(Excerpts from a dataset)
# # #

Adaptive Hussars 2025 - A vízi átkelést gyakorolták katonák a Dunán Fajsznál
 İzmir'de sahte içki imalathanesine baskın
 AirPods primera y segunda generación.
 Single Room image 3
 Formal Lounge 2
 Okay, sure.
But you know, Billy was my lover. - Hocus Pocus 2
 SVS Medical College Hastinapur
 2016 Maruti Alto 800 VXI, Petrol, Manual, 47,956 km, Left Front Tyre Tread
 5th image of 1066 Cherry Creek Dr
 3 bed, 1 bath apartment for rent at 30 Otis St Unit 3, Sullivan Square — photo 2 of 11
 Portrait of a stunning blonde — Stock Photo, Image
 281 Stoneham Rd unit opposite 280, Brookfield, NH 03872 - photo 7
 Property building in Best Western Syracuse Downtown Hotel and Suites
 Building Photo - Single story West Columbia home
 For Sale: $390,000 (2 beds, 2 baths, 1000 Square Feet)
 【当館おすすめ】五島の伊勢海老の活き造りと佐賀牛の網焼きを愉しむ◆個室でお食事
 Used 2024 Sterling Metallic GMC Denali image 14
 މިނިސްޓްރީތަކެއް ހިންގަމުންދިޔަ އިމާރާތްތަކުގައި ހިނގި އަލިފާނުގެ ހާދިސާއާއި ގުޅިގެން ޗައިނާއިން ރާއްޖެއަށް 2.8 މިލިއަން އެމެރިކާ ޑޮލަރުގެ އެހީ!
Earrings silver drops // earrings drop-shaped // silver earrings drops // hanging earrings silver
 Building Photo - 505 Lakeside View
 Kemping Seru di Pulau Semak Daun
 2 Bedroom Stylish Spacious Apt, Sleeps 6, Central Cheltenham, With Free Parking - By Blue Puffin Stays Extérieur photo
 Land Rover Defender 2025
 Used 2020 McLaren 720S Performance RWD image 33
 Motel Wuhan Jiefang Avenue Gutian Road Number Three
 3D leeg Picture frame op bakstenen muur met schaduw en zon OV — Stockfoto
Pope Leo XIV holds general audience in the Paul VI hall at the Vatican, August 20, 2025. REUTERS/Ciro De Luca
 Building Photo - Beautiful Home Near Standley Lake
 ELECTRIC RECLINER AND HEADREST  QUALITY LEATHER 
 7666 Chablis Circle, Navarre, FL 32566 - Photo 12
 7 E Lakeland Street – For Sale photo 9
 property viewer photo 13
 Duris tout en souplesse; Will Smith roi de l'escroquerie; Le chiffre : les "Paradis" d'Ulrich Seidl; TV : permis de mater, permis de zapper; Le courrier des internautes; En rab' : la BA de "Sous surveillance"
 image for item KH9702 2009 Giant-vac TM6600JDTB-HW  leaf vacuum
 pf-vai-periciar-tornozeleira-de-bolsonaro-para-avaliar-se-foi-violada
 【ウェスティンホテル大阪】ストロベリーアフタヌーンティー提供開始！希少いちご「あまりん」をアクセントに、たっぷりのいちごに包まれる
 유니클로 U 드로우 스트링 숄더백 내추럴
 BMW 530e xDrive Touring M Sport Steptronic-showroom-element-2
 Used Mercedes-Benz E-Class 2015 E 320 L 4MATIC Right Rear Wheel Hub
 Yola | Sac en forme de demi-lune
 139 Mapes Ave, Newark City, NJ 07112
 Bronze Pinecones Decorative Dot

# # #

__WHAT YOU NEED TO DO__
Retype only this range exactly: the first line of the data through the line where "Portrait of a" appears.

__EXERCISE OUTPUT__
Adaptive Hussars 2025 - A vízi átkelést gyakorolták katonák a Dunán Fajsznál
 İzmir'de sahte içki imalathanesine baskın
 AirPods primera y segunda generación.
 Single Room image 3
 Formal Lounge 2
 Okay, sure.
But you know, Billy was my lover. - Hocus Pocus 2
 SVS Medical College Hastinapur
 2016 Maruti Alto 800 VXI, Petrol, Manual, 47,956 km, Left Front Tyre Tread
 5th image of 1066 Cherry Creek Dr
 3 bed, 1 bath apartment for rent at 30 Otis St Unit 3, Sullivan Square — photo 2 of 11
 Portrait of a stunning blonde — Stock Photo, Image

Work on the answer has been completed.